Billy Kid 130 lat bez ułaskawienia

 
Ferrotyp przedstawiaijący Billy'ego the Kida

Rehabilitacja Billy'ego the Kida leży martwa w pyle - piszą amerykańskie media. Mimo pojawiających się ostatnio plotek, odchodzący w nastaniem Nowego Roku gubernator Nowego Meksyku Bill Richardson nie ułaskawił jednego z najsłynniejszych rewolwerowców Dzikiego Zachodu.

- Czułem, że nie mogę pisać historii na nowo - powiedział Richardson w piątek, w ostatnim dniu swojego urzędowania.

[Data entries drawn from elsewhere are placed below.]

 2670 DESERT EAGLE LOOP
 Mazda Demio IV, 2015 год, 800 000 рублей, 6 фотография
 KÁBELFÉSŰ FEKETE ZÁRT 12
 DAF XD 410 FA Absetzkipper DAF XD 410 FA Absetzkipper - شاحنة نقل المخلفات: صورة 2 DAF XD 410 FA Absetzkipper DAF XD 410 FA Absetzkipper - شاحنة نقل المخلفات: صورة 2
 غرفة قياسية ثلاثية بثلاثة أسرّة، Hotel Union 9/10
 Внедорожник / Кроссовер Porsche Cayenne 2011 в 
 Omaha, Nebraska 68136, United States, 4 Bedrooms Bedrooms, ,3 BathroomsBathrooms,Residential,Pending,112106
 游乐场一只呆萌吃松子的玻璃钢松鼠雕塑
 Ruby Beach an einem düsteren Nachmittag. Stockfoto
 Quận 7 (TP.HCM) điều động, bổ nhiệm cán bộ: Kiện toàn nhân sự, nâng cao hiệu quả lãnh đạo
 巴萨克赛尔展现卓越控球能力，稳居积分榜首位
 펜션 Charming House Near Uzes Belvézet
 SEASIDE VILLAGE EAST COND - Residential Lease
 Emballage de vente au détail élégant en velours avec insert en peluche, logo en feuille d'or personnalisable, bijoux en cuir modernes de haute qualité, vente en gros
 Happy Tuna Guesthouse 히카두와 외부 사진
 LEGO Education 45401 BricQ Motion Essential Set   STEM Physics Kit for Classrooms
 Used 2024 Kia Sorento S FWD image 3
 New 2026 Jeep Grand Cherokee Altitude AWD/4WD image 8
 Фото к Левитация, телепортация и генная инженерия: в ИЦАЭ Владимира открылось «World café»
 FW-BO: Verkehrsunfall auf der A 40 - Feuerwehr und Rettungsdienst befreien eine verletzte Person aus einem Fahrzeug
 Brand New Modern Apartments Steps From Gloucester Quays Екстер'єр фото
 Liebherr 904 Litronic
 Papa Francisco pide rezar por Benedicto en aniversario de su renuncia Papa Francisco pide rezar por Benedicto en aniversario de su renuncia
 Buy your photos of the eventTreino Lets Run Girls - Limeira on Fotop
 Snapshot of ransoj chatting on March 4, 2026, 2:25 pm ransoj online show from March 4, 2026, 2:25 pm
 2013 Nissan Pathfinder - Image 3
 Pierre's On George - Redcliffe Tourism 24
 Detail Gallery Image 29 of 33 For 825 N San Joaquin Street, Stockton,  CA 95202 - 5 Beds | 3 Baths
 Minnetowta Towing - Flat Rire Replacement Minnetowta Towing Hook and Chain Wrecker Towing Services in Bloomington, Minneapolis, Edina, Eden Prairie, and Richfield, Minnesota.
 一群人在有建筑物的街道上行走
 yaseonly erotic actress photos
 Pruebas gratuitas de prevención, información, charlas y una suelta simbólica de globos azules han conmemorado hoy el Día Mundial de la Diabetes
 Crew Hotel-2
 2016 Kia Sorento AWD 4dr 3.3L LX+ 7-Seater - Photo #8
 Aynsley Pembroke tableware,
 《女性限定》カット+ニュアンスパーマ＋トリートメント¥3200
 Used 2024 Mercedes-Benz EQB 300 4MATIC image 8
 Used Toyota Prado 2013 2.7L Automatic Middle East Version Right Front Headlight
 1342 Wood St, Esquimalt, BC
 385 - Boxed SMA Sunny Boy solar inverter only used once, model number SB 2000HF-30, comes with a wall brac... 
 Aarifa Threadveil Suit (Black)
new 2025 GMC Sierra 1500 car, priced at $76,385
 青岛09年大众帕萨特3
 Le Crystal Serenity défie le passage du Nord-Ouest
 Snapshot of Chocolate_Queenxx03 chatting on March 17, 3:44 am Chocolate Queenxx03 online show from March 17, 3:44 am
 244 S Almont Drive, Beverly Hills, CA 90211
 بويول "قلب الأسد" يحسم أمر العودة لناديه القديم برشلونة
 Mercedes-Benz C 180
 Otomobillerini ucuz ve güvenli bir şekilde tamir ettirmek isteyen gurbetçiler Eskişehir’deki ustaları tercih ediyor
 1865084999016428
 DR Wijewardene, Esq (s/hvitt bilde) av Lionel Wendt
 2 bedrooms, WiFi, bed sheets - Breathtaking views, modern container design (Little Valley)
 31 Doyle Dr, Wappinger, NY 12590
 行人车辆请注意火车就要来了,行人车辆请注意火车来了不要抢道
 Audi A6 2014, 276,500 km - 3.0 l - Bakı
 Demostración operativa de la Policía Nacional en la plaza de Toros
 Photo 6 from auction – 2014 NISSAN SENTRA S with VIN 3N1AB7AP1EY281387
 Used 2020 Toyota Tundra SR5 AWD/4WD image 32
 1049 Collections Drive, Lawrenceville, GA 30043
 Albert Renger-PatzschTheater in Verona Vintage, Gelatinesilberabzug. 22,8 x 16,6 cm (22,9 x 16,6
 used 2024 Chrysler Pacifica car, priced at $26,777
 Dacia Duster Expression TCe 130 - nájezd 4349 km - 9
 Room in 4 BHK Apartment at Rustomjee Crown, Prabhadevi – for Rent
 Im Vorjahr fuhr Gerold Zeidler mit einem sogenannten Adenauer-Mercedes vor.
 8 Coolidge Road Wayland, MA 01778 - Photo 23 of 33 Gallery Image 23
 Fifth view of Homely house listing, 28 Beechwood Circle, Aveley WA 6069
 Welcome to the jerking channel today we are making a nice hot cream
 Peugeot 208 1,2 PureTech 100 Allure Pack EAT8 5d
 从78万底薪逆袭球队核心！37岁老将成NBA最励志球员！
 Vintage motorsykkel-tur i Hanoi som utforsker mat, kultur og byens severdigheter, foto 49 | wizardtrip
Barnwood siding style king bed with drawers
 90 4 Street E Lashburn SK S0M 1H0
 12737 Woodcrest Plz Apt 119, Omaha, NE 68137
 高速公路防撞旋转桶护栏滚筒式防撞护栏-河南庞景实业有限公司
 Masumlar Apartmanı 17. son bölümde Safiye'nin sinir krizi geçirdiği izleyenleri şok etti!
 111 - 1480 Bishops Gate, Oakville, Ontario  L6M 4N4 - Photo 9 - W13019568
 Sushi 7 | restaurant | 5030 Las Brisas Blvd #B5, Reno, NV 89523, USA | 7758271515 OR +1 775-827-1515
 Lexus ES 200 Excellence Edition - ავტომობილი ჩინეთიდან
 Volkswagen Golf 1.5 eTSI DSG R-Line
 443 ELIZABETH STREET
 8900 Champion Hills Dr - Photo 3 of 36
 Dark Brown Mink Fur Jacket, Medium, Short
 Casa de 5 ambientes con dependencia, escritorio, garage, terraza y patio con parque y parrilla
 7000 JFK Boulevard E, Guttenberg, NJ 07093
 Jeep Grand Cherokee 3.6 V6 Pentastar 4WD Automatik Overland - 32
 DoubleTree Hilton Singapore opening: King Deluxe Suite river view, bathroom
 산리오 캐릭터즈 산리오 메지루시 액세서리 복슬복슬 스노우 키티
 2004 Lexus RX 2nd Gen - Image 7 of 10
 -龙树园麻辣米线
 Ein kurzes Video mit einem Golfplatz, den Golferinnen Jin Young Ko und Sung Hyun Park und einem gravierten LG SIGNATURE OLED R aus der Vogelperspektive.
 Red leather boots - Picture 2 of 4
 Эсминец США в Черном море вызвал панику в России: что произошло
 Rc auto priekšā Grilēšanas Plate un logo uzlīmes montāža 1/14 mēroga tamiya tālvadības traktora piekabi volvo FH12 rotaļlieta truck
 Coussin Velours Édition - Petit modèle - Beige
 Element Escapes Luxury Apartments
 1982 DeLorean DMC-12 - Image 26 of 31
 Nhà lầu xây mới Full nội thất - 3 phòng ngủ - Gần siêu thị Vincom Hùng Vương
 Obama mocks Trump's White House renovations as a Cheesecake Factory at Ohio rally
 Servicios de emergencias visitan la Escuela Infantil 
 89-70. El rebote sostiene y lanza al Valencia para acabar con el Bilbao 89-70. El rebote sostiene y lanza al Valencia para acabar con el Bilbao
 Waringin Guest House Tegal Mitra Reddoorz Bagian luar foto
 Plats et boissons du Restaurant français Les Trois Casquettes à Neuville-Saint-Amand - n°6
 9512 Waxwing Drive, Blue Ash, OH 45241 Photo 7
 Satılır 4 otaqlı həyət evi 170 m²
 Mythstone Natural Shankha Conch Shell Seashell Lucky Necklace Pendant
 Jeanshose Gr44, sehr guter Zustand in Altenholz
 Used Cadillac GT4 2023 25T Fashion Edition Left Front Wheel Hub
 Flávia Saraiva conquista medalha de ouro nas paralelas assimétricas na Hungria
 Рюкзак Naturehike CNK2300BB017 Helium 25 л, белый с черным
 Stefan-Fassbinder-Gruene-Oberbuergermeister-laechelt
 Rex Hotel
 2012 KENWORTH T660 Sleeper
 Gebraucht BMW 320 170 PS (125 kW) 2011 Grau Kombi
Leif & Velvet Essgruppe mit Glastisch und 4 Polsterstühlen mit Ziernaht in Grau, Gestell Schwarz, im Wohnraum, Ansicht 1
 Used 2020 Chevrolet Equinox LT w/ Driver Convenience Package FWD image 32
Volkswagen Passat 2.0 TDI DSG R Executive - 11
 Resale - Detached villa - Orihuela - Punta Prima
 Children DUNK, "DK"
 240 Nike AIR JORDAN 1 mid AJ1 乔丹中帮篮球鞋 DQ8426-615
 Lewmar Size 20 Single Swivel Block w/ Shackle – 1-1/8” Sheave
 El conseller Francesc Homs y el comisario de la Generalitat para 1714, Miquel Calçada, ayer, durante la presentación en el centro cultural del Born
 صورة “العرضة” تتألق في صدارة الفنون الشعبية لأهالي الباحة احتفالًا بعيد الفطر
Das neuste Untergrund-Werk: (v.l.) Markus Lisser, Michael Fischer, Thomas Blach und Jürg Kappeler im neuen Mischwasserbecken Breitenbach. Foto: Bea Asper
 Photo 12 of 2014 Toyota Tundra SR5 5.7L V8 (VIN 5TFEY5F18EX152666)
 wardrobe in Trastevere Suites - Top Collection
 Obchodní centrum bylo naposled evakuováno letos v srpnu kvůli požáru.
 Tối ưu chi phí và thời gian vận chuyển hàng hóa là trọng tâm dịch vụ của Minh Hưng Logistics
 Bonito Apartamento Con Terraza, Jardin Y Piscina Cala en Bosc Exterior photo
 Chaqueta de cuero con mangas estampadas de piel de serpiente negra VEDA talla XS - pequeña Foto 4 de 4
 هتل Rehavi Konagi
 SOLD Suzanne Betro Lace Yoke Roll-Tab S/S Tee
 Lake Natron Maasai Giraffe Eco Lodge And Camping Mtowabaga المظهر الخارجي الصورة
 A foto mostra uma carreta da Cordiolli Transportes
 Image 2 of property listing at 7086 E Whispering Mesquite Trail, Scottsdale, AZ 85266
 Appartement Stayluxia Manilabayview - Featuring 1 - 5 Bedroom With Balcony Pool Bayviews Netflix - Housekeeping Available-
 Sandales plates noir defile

Furtką do ułaskawienia Billy'ego the Kida była rzekoma umowa, zawarta między nim a ówczesnym gubernatorem Lewisem Wallacem (generałem wojny secesyjnej i autorem "Ben Hura"). Gubernator miał obiecać rewolwerowcowi ułaskawienia w zamian za zeznania na temat zabójstw, których był świadkiem.

Kid na "nie"

Richardson zgadza się z tym, że do ugody doszło, ale "nie jest jasne, dlaczego on (Wallace) umowy nie dotrzymał". Ten fakt i to, że Kid zabił dwóch zastępców szeryfa podczas ucieczki w więzienia Lincoln Count (gdzie oczekiwał na powieszenie za morderstwo szeryfa Williama Brady'ego), zadecydował o odrzuceniu ułaskawienia.

Stosowny dokument był już nawet gotowy, ale odchodzący gubernator decyzję na niekorzyść przestępcy podjął w czwartek wieczorem. Nowo upieczona gubernator Nowego Meksyku Susana Martinez zapowiedziała, że nie będzie nawet rozważać ułaskawienia rewolwerowca.

Według legendy, w trakcie swojego 21-letniego życia Billy the Kid (naprawdę Patrick Henry McCarty) zabił ponoć 21 osób. Został zastrzelony przez szeryfa Pata Garretta w lipcu 1881 roku.